Che la mobilità intesa come insieme degli strumenti per lo spostamento delle persone da un punto fisico “X” a un punto fisico “Y” sia in profonda e rapida trasformazione a livello planetario, è un fatto oramai incontrovertibile. Obbligate dalle decisioni governative internazionali conseguenti all’emergenza climatica e da una accresciuta sensibilità ambientale, praticamente tutte le aziende automobilistiche hanno attivato programmi, più o meno ambiziosi, di conversione dalla mobilità termica tradizionale a quella elettrica e/o idrogeno, in ogni caso senza emissioni nel ciclo dell’utilizzo.
Fino a poco tempo fa questo processo sembrava inarrestabile e privo di dubbi, nonostante qualche sporadica voce ancora contraria, considerata alla stregua di quei soldati giapponesi sperduti nelle isole del pacifico ancora a difendere l’impero giapponese a guerra abbondantemente finita (ogni riferimento a Akio Toyoda, storico CEO di Toyota e nemico giurato della propulsione elettrica è puramente voluto)
Negli ultimi mesi però è iniziato a spirare in Europa un vento contrario alla mobilità elettrica, un vento che da leggera brezza si è man mano rinforzato sino a divenire una sorta di burrasca e l’Italia pare essere divenuta l’epicentro di questo fronte nuvoloso.
Le fake news
Chi ha frequentato i principali social network nelle ultime settimane ne ha avuto la chiara e netta sensazione: un fiorire di account dai nomi più fantasiosi che hanno iniziato a postare e condividere (presunte) notizie di incidenti e incendi di automobili dovuti a difetti delle batterie. Centinaia di post con immagini di bambini africani con in testa ceste di terra che il post riferiva all’estrazione del cobalto destinato alle batterie, di battute al vetriolo contro i possessori di auto elettriche, tutti condivisi di continuo da un numero crescente di pagine e account.
Se all’inizio questi post erano rari e poco condivisi, oggi se ne vedono di continuo scrollando Facebook o Instagram e ciò senza apparenti o validi motivi tecnici.

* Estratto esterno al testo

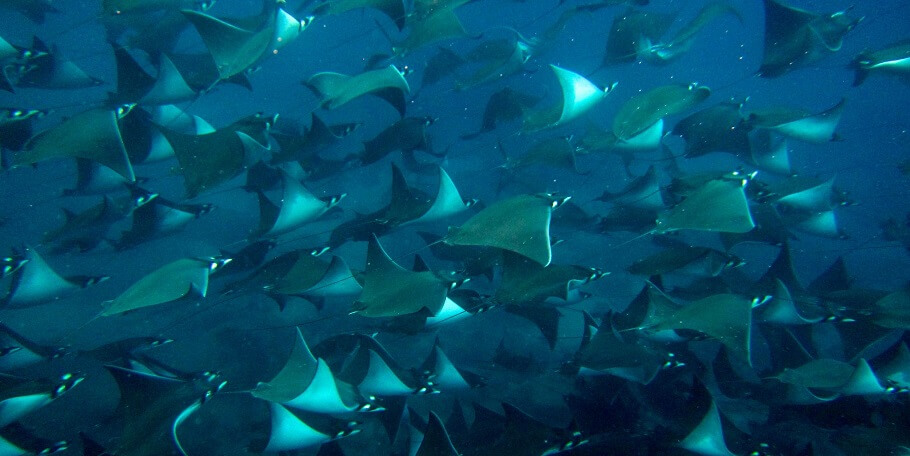 schooling Mobula rays in Cabo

Poi è subentrato il gravissimo incidente dell’autobus elettrico caduto dal cavalcavia di Mestre, causando la morte di molte persone, che ha scatenato illazioni e accuse contro la mobilità elettrica, tutte smentite in primis dai pompieri intervenuti che hanno chiarito che la batteria non è stata la causa né dell’incidente né tantomeno della morte di quelle sfortunate persone.
Ma la verità, lo sappiamo oramai bene, nel turbine dei social conta poco. È facile trovare un “responsabile” e allargare la discussione contro la mobilità elettrica in generale. In quel caso, la polemica è fuoriuscita dall’ambito dei social per arrivare in televisione e sui media tradizionali. Il dubbio che l’incidente fosse imputabile alle batterie è aleggiato per settimane nei programmi e nei dibattiti televisivi pure in assenza di qualunque prova in tal senso e le smentite dei tecnici.
I riflessi in Italia
Gli effetti di questa campagna ostile si sono visti nei dati di vendita delle auto elettriche degli ultimi mesi. L’Italia oggi è ultima a livello Europeo nelle vendite, superata pure da Paesi tradizionalmente poco attenti ai temi ambientali, come Grecia e Romania.
Siamo indietro nelle vendite e siamo indietro sulle politiche industriali. Al Governo e a Confindustria non è parso vero di avere l’occasione di screditare il passaggio all’elettrico ma tutto questo chi danneggerà se non i lavoratori dell’industria automobilistica e i cittadini?
La polemica ha raggiunto livelli così alti, anche a livello europeo, che a un certo punto sono dovuti intervenire personaggi come Luca De Meo, Amministratore Delegato di Renault, e poi Confindustria europea per precisare che indietro non si può più tornare, che oramai i programmi di sviluppo delle auto elettriche sono avviati e i miliardi di euro investiti sono troppi per fermare tutto.
Un futuro che non può aspettare
Resta il dubbio se dietro questa campagna mediatica ci sia una ben pianificata e finanziata operazione e quale sia il reale obiettivo. La fine della mobilità spinta dalle fonti fossili non è più in discussione dopo la decisione dell’UE di vietare dopo il 2035 la vendita delle auto termiche. Ritardare la conversione dell’industria italiana dell’automobile, tradizionalmente leader globale in molti settori dell’automotive, non farà altro che facilitare acquisizioni a prezzi stracciati di marchi storici, stabilimenti, macchinari e know how, indeboliti dalla sempre maggiore concorrenza straniera.
In questa fase di transizione complessa, una delle poche certezze è quella di un Governo incapace di attivare politiche industriali di rilancio, incerto su quale strada veramente intraprendere e, nei fatti, complice di chi vuole indebolire lo storico sistema industriale italiano dell’automobile.